Showing posts with label Mark Zuckerberg. Show all posts
Showing posts with label Mark Zuckerberg. Show all posts

Friday, December 27, 2024

The Facebook Interview (revisited)


Recently, a Facebook friend named Adam Lee (pictured right) asked me a couple of questions about Facebook. Said he was writing an article on... well, Facebook! Thought I'd share my response with you...

Where do you think Facebook is heading?

Consider the unimaginable ways young people can find themselves becoming billionaires in the digital age: back in the mid-1990s Larry Page and Sergey Brin were 23-year-old computer studies undergrads at Stanford U when they stumbled on a new algorithm for a faster, more free-associating search engine called Google. Today each is worth USD16.7 billion.

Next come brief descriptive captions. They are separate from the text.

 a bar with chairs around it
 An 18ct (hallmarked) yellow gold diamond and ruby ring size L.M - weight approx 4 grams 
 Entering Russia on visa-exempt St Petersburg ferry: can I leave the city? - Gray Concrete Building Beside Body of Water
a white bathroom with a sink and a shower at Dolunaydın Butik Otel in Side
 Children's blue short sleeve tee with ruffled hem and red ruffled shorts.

Then there's Mark Zuckerberg who started Facebook in February 2004 as an interactive social networking website for the campus crowd while he was in college. I hear Yahoo! offered Zuckerberg USD1.7 billion for Facebook last year - and he turned down their offer. Last I heard, MSN estimates that Facebook is worth USD15 billion.

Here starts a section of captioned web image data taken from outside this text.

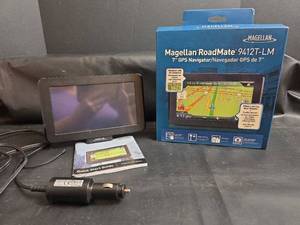 lot 141 image: Magellan RoadMate 9412T-LM 7 inch GPS Navigator
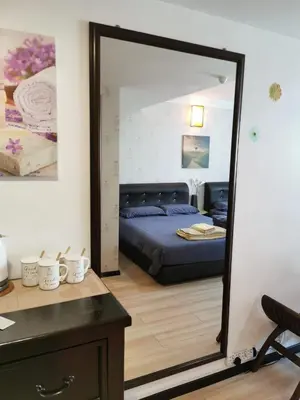 a bedroom with a bed and a large mirror at C 13 Lot 10 Pangkor Leisure Beach Studio in Pangkor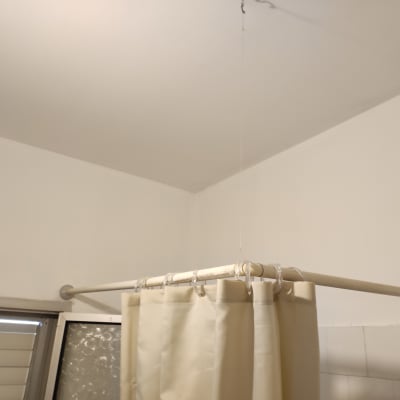 קיר צבוע בלבן עם וילון מקלחת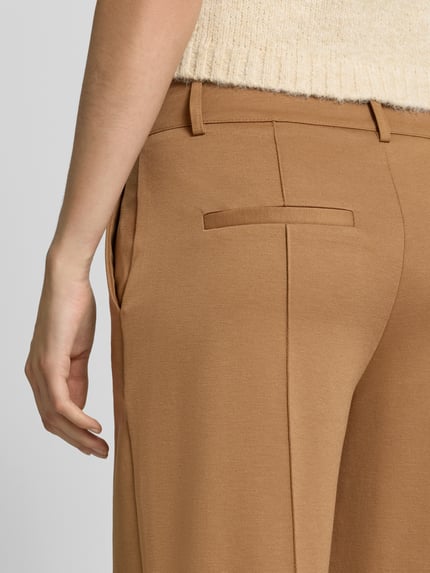 Frauenmodel trägt Wide Fit Hose mit Viskose-Anteil Modell 'Kate' von ICHI in Beige mit Ziernähten, Gesäßtaschen, Detailaufnahme.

My point is: these youngsters have been able to turn a simple idea into a complex income-generating engine by identifying two basic human needs, viz., the desire for information and the desire to feel connected. These desires are very much in alignment with the incoming frequencies of the Aquarian Age (the Water Bearer symbolizes the dissemination of wisdom acquired during the Capricornian phase of introspection and consolidation, and the Piscean phase of dissolution and disintegration of ancient taboos).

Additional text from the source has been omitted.